→ **THE TASK**:
Look in the listing below for the line that has "By default, you", then return it and each following line up to and including the one with "The email also", exactly and without pictures.

→ **DATASET RECORDS**:
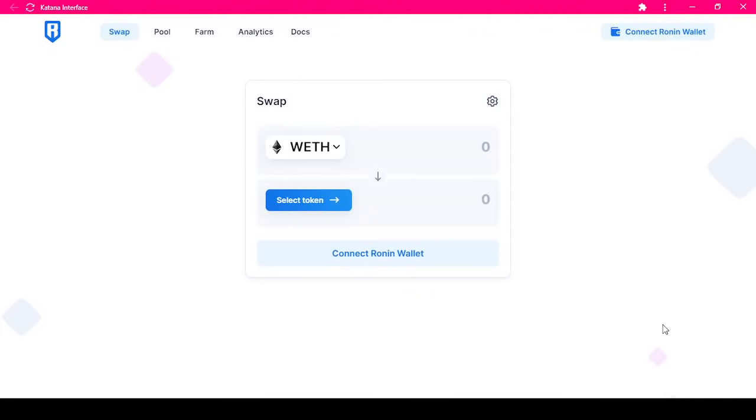Hey trainers, it's Michael from SkyMavis Support. Today I'm going to show you how to use Katana Swap. This will allow you to swap between different ERC20 tokens on the Ronin blockchain.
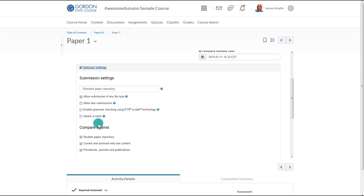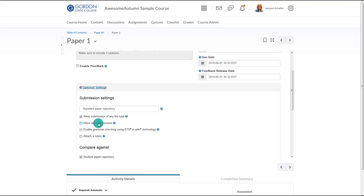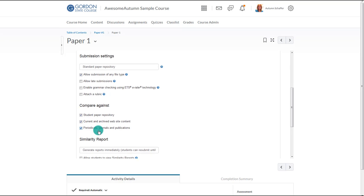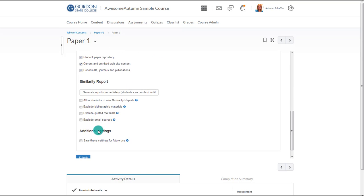Under Optional Settings, the instructor can choose to add a Turnitin rubric to grade by. Most importantly, however, the instructor will need to select Allow Students to View Similarity Scores in order for them to be able to see the matches. You might also choose to save these settings for future use. Now Submit.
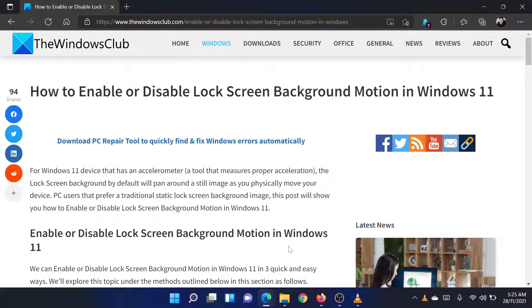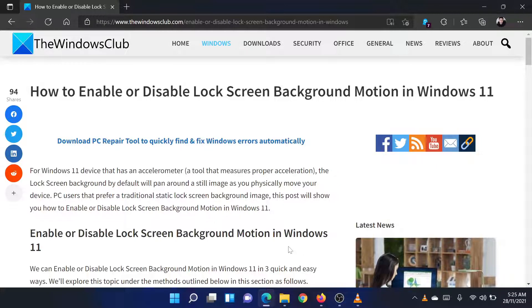Welcome to the Windows Club! If you wish to enable or disable lock screen background motion in Windows 11, then either read through this article on the website or simply watch this video. I will guide you through the procedure.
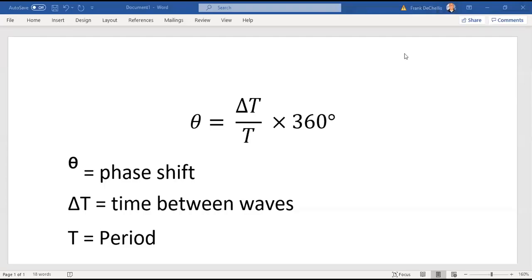Hi everybody. We're going to get more into measuring phase shift when we're doing AC, RL, RC, and RLC circuits, both series and parallel. Let's go over how we do that.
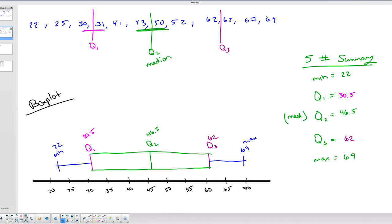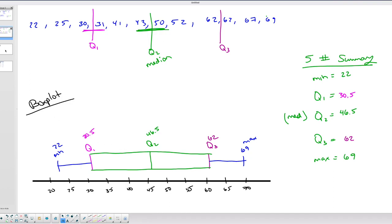They could ask you questions about a box plot too. We can say 50% of the data lies below 46.5 and 25% is below 30.5. This distribution is almost symmetric, which relates to being normally distributed — a term you might hear, along with 'bell-shaped.'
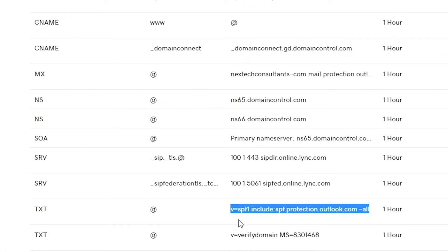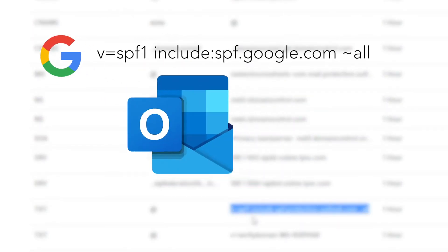The SPF entry includes: v=spf1 include:spf.protection.outlook.com ~all. I'm going to link all of these in the description below so all you have to do is copy and paste them in. The two most common ones are Outlook and Google — I'm showing them on screen now: here's the one for Google, and here's the one for Outlook.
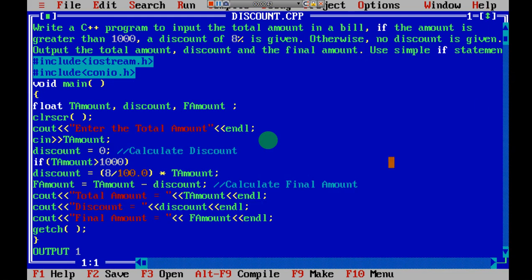First let us understand what the program is. I'll explain the program — before the problem statement, let me give you an overview. In this program, it's like you're going for shopping. If you purchase more than 1000 rupees worth of products, you will get 8% discount. If you purchase less than 1000, you are not going to get any discount.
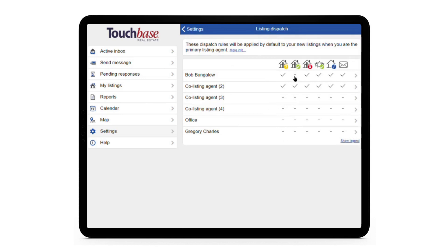By default, you don't get showing confirmations because you're the one sending them. We strongly recommend that whenever you work with another person and include them in your communications, you activate showing confirmations for everyone.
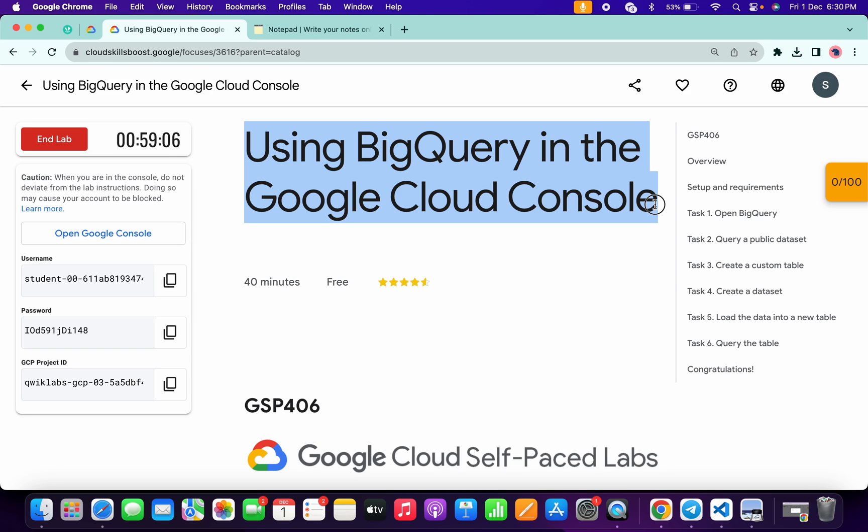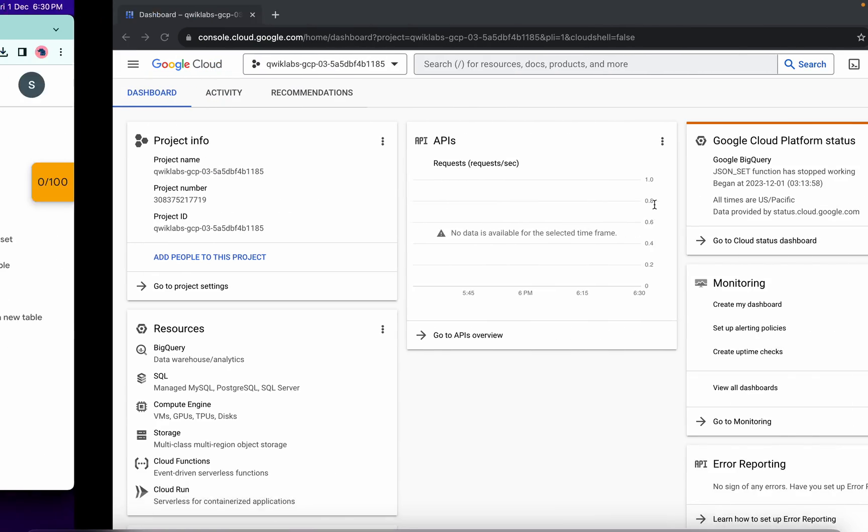Hello guys, welcome back to the channel. In this video I'm going to show you the simplest way to complete this lab. So first of all, just simply log in with your credentials and once you're done with that, just simply come back over here.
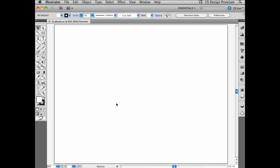Gradients can be very useful for a background color or to simply color objects that need some sort of a three-dimensional aspect to them. But before we look at the gradients tool, which is over here in my tools, we need to check out all of the different gradients that come with Illustrator by default.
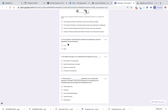Number four: the principle of uniformitarianism states that sedimentary rocks are deposited in horizontal layers. True or false?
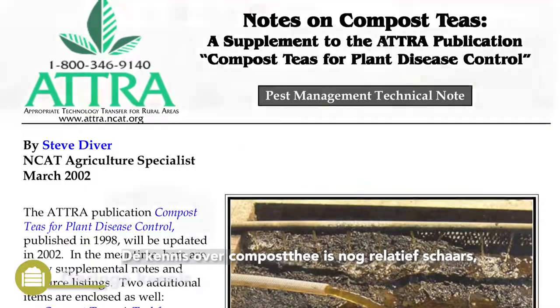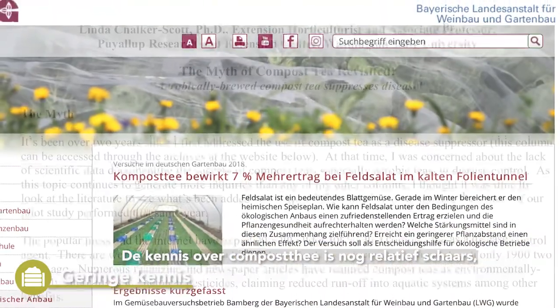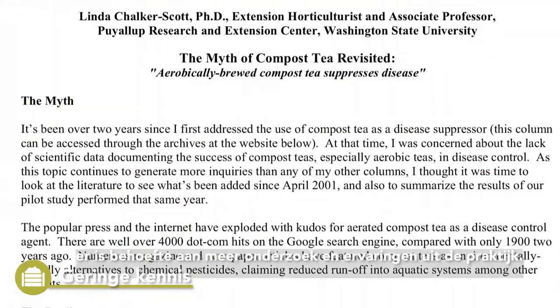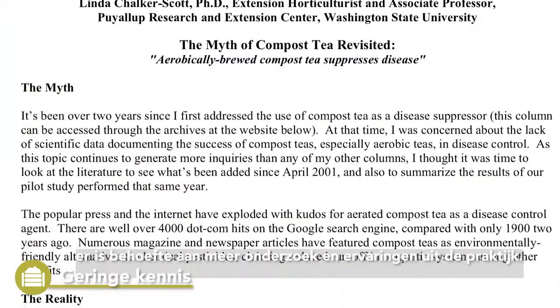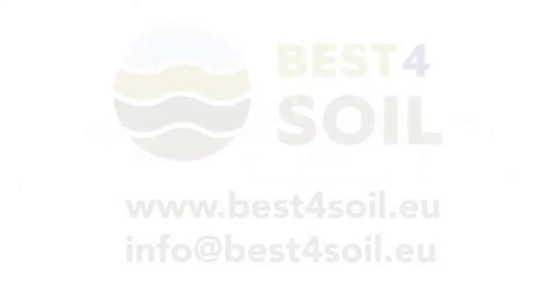Knowledge on compost tea is still relatively sparse. There is need for more research and experience from practitioners.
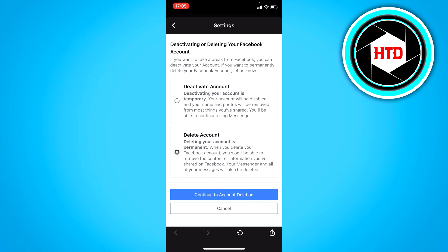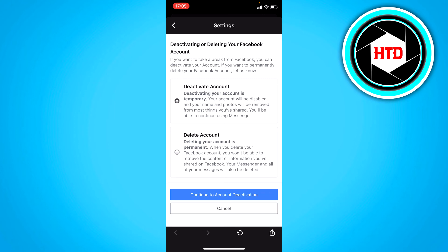If you permanently delete your account as it says, you cannot access this account anymore. You can never open up your messages or anything anymore. So if you're not sure you want to delete your account fully, then just deactivate it and come back like a day or a week or a month later and reactivate it again.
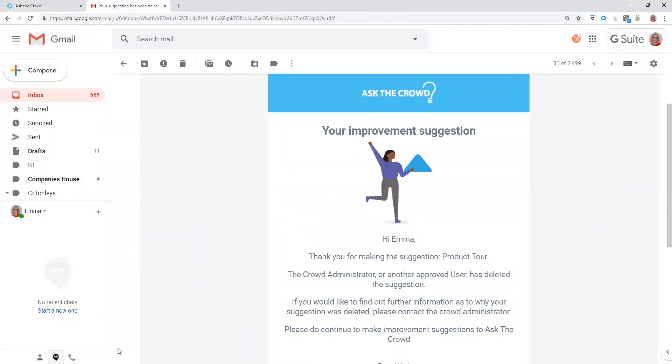The email also says, if you would like to find out further information as to why your suggestion was deleted, please contact the Crowd Administrator.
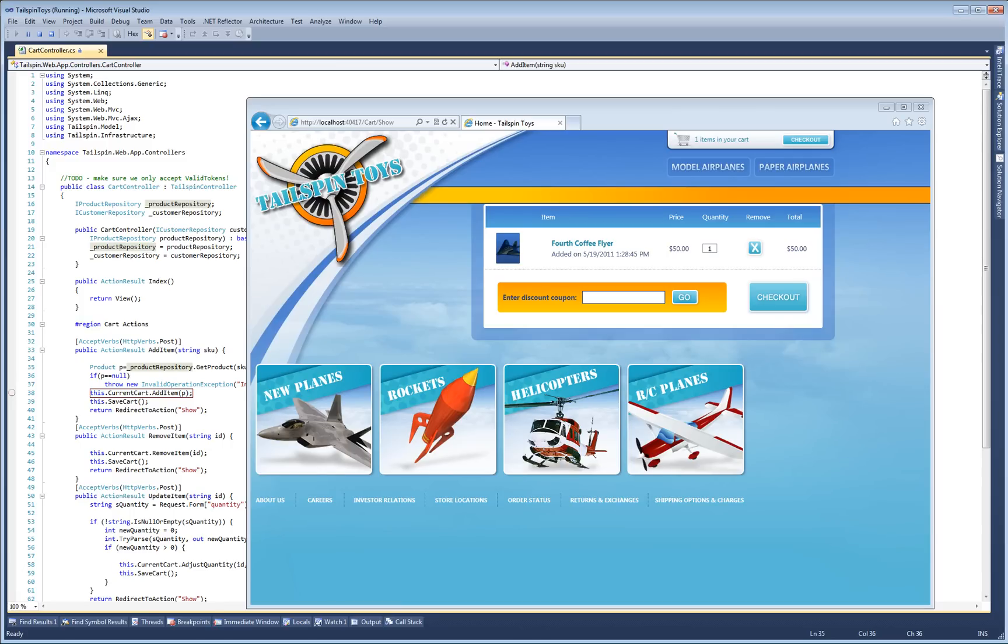This is a quick demo of Debugger Canvas, a new power tool for Visual Studio that rethinks the debugging experience. To see it in action, let's go after a bug in this web app for buying toys.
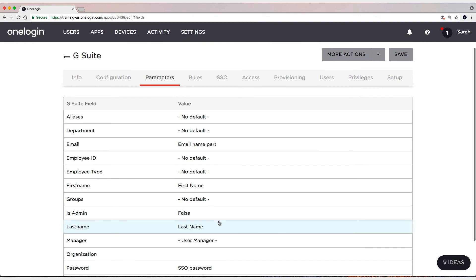I'm just going to test with Google groups today to keep this sort of short and sweet. There's also other entitlements like is admin, manager, organization, things like that.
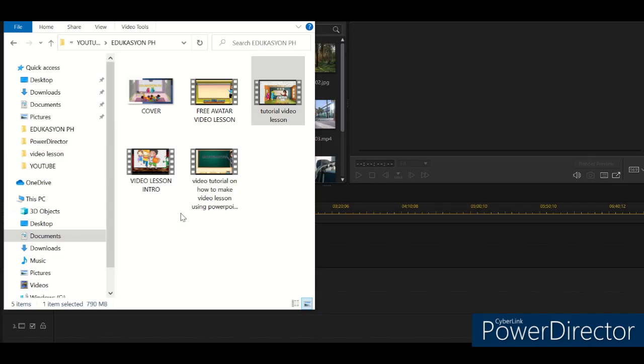Okay, let's transfer it to PowerDirector so we can edit the video tutorial on how to make a video lesson using PowerPoint.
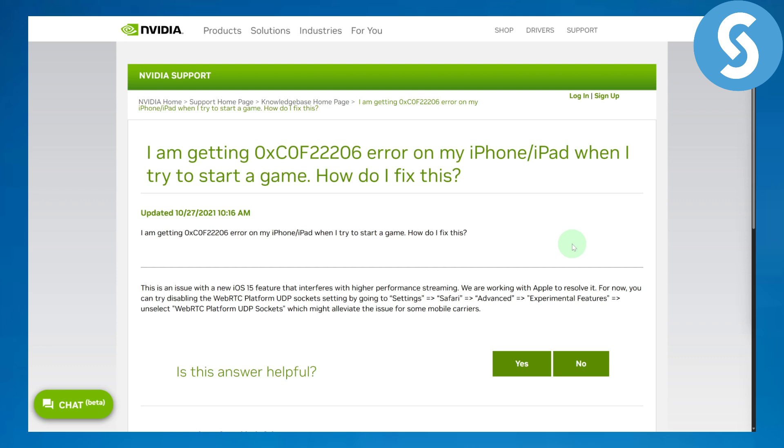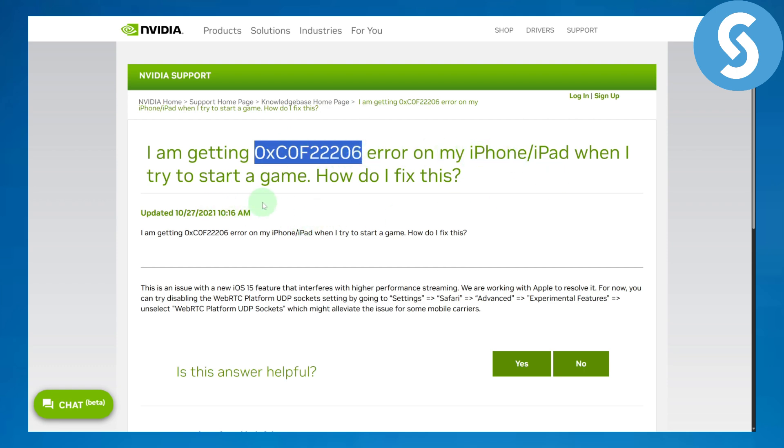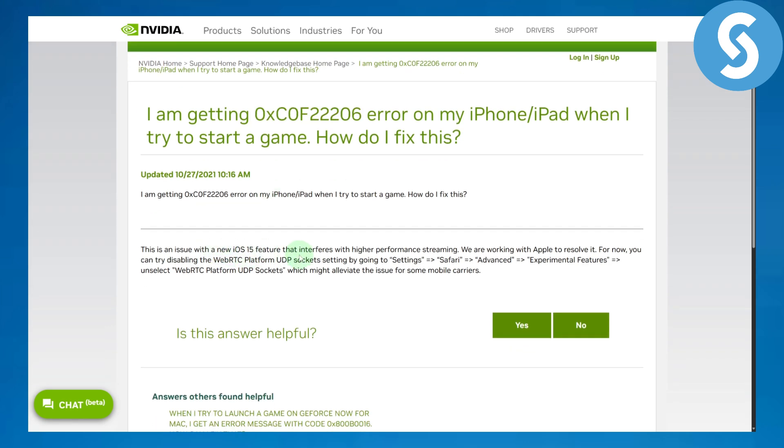If you're getting this particular error code on your iPhone or iPad when you try to start a game, this issue is basically a new iOS 15 feature that interferes with high performance streaming.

→ **WORKED SOLUTION**:
By default, you don't get showing confirmations because you're the one sending them. We strongly recommend that whenever you work with another person and include them in your communications, you activate showing confirmations for everyone.
Hello guys, welcome back to the channel. In this video I'm going to show you the simplest way to complete this lab. So first of all, just simply log in with your credentials and once you're done with that, just simply come back over here.
Gradients can be very useful for a background color or to simply color objects that need some sort of a three-dimensional aspect to them. But before we look at the gradients tool, which is over here in my tools, we need to check out all of the different gradients that come with Illustrator by default.
Number four: the principle of uniformitarianism states that sedimentary rocks are deposited in horizontal layers. True or false?
Knowledge on compost tea is still relatively sparse. There is need for more research and experience from practitioners.
If you permanently delete your account as it says, you cannot access this account anymore. You can never open up your messages or anything anymore. So if you're not sure you want to delete your account fully, then just deactivate it and come back like a day or a week or a month later and reactivate it again.
The email also says, if you would like to find out further information as to why your suggestion was deleted, please contact the Crowd Administrator.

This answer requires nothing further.